Am 21. Juli war die Zahl der Durchfahrten durch die Meerenge vor der Küste Jemens binnen eines Tages um 34 Prozent zurückgegangen, durch die Straße von Hormus um 31 Prozent, wie der Schiffahrtsdatendienst Kpler meldete. Zwei chinesische Großtanker mit vier Millionen Barrel saudischen Öls setzten ihre Fahrt indes fort – ein Hinweis darauf, dass sich die Blockade gegen Schiffe mit Bezug zu Saudi-Arabien richtet, nicht den Seeverkehr insgesamt. Der Preis von Brent-Rohöl stieg auf den höchsten Stand seit Anfang Juni. Damit hat sich die Krise über den Persischen Golf hinaus ausgeweitet. Die Straße von Hormus und der Bab Al-Mandab gelten nun als hochgefährdet – mit unabsehbaren Folgen für die Weltwirtschaft.

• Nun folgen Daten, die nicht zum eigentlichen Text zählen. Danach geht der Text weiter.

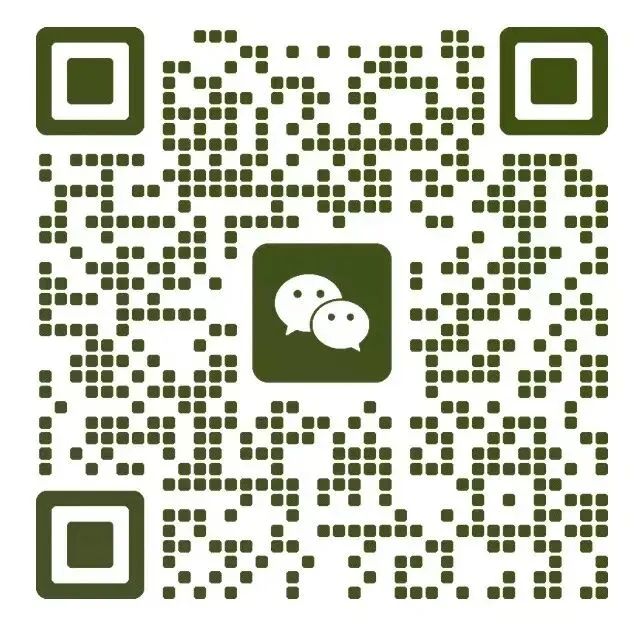 漳州一中九年级开学考语文卷(福建中考适用) 第10张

Während die Meerengenkrise zeigt, wie wenig die USA die Ausbreitung des Konflikts steuern können, offenbart sich eine zweite Grenze der US-Kriegführung, nämlich die tatsächliche Wirkung ihrer Angriffe auf Iran. Anfang Juni hatte Präsident Trump gegenüber dem Sender NBC erklärt, das iranische Militär sei »vollständig zerstört«, Teheran verfüge nur noch über wenige Raketen. Fünf Monate später zeigt sich ein anderes Bild: Die eingesetzten ballistischen Flugkörper seien inzwischen schneller und manövrierfähiger als zu Kriegsbeginn, berichteten US-Beamte dem Wall Street Journal.

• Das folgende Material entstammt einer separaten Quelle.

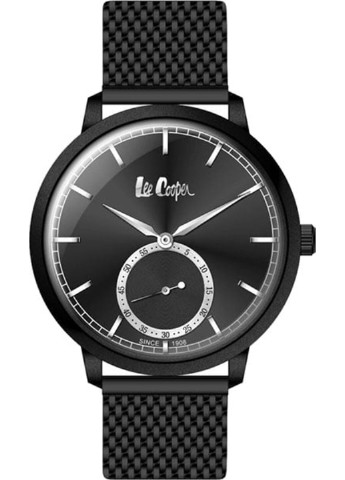 Часы наручные Lee Cooper lc06672.650 (250167428)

Im US-Senat räumte Verteidigungsminister Pete Hegseth ein, man habe nie erwartet, dass Iran vollständig die Fähigkeit verliere, weiter anzugreifen. Sicherheitsexperten wie Jennifer Kavanagh von Defense Priorities und Andreas Krieg vom King’s College kamen zum selben Schluss: Irans Streitkräfte hätten sich schneller regeneriert als erwartet und seien keineswegs kampfunfähig.

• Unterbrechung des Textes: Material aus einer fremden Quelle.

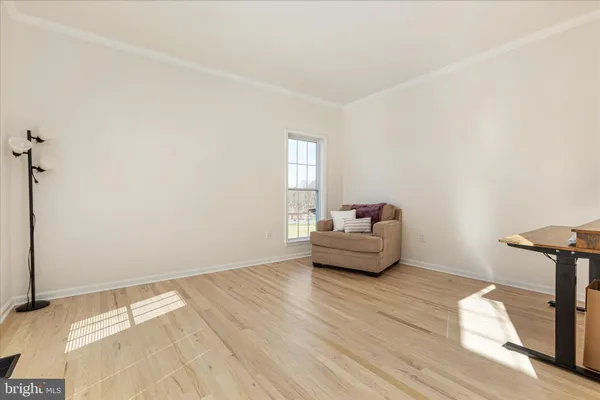 $735,000 | 1781 Brucetown Road, Clear Brook, VA 22624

Wie sich diese Regenerationsfähigkeit konkret äußert, zeigt die jüngste Angriffswelle der Iranischen Revolutionsgarden (IRGC): Nach eigenen Angaben richtete sie sich gezielt gegen die Luftabwehr- und Radarinfrastruktur der US-Stützpunkte. Die IRGC erklärten, ein THAAD-Radar- sowie ein »Patriot«-System in Jordanien zerstört zu haben, in Kuwait zudem einen Langstreckenradar und einen Hangar mit Drohnen. Unabhängig vom tatsächlichen Schadensausmaß deutet die Zielwahl darauf hin, dass Teheran die US-Luftabwehr schwächen will. Werden »Patriot«- und Radarsysteme ausgeschaltet, steigt die Wahrscheinlichkeit, dass bei weiteren Angriffswellen mehr iranische Raketen ihre Ziele erreichen.